The line containing "Used BMW X4", and every line after it to the end of the listing, should be repeated exactly; the pictures should not.

• [SUPPLIED MATERIAL]:
= Beginning of Section =

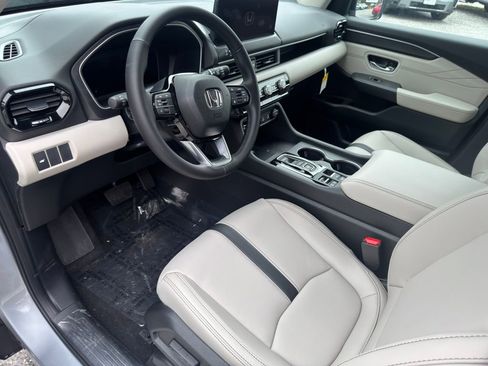 New 2026 Honda Pilot Touring image 9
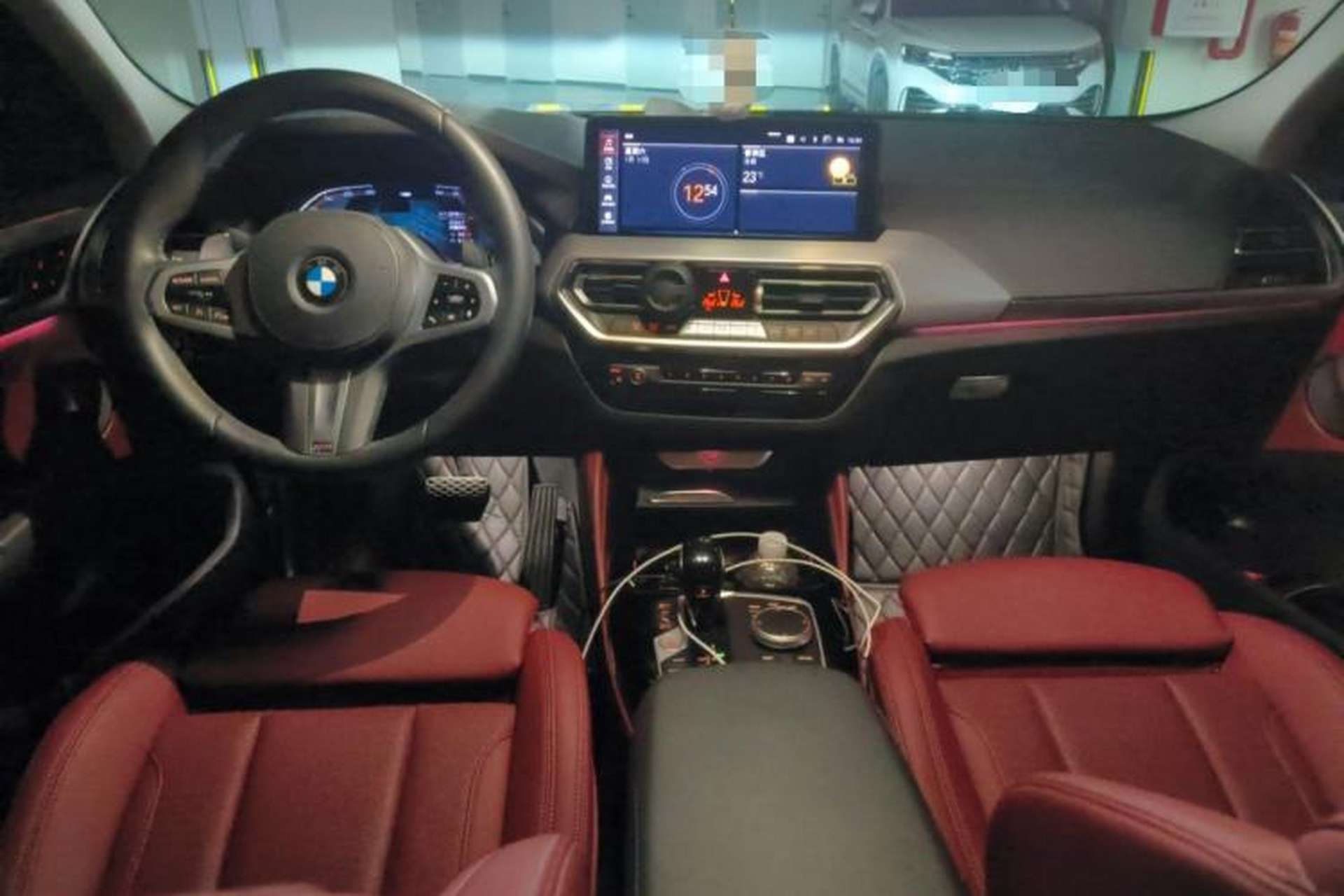 Used BMW X4 2022 xDrive 30i M Sport Package Center Console
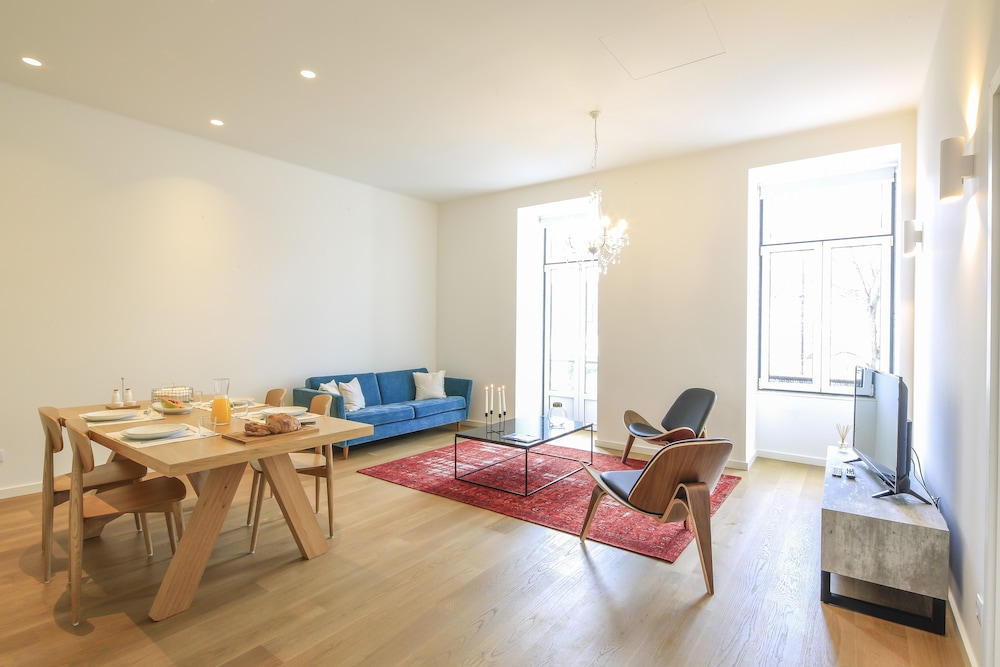 Baixa Apartments by linc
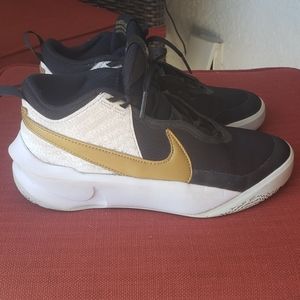 Nike Hustle DX - SU21 for boys, size 4.5 Y, black- gold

= End of Section =

• [TASK ANSWER]:
 Used BMW X4 2022 xDrive 30i M Sport Package Center Console
 Baixa Apartments by linc
 Nike Hustle DX - SU21 for boys, size 4.5 Y, black- gold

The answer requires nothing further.